## Your goal
Repeat the data that follows in full. Do not include the pictures.

## Information shown
====
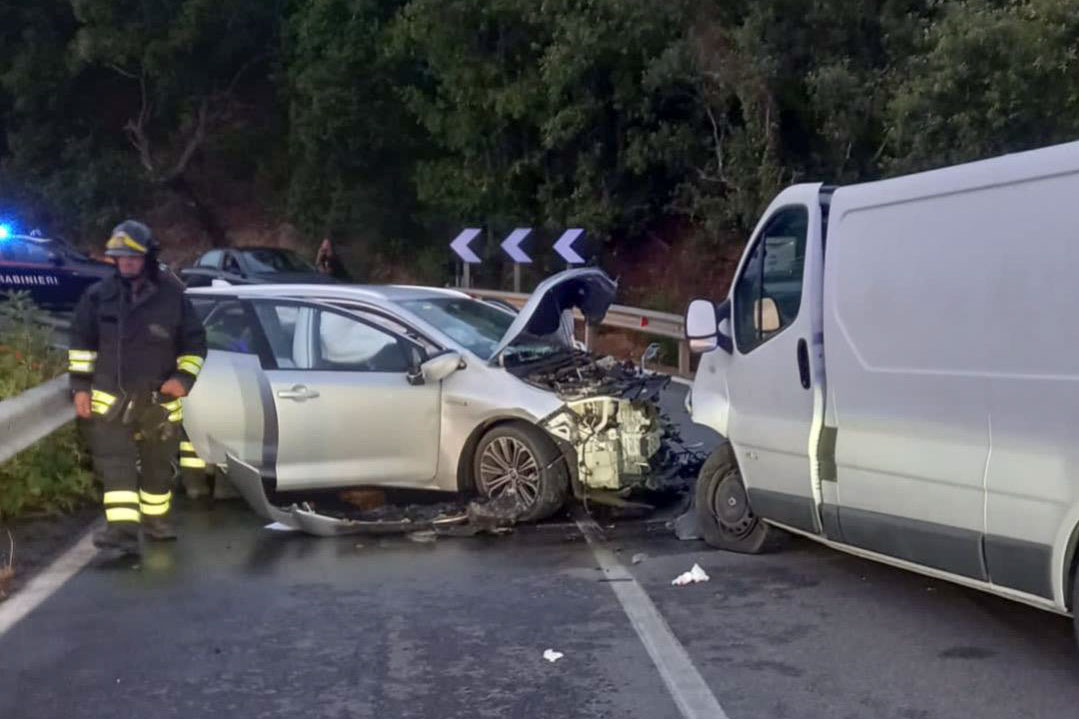 Utilitaria e furgone si scontrano frontalmente sulla Statale 125: tre feriti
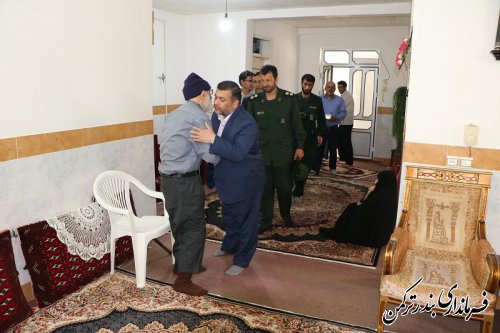 دیدار فرماندار و مسئولین شهرستان ترکمن با خانواده های شهدا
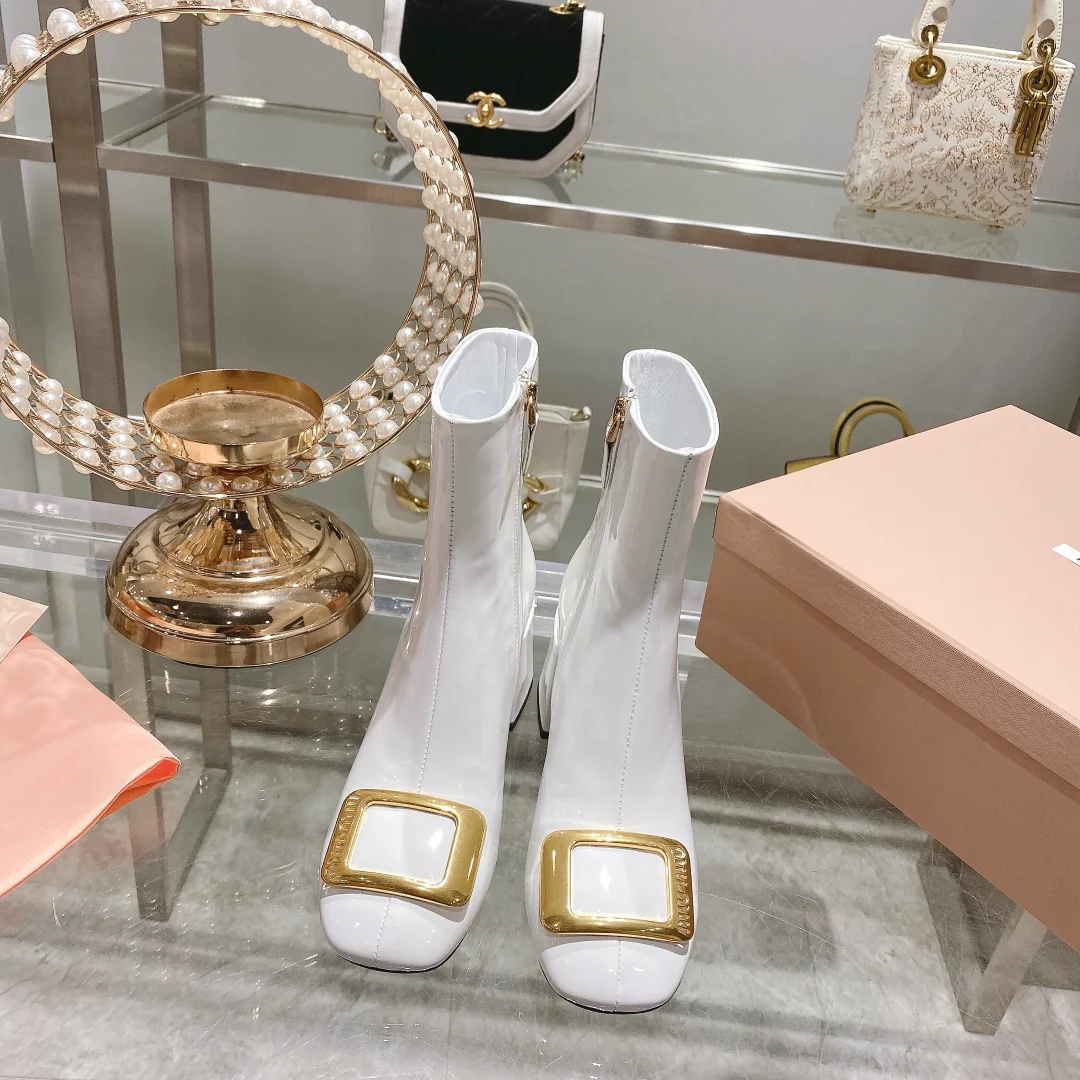 Новинка осенне-зимней коллекции Miu Miu 2022 — Лакированные сапоги на низком каблуке — Белые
====
## Response to this exercise
 Utilitaria e furgone si scontrano frontalmente sulla Statale 125: tre feriti
 دیدار فرماندار و مسئولین شهرستان ترکمن با خانواده های شهدا
 Новинка осенне-зимней коллекции Miu Miu 2022 — Лакированные сапоги на низком каблуке — Белые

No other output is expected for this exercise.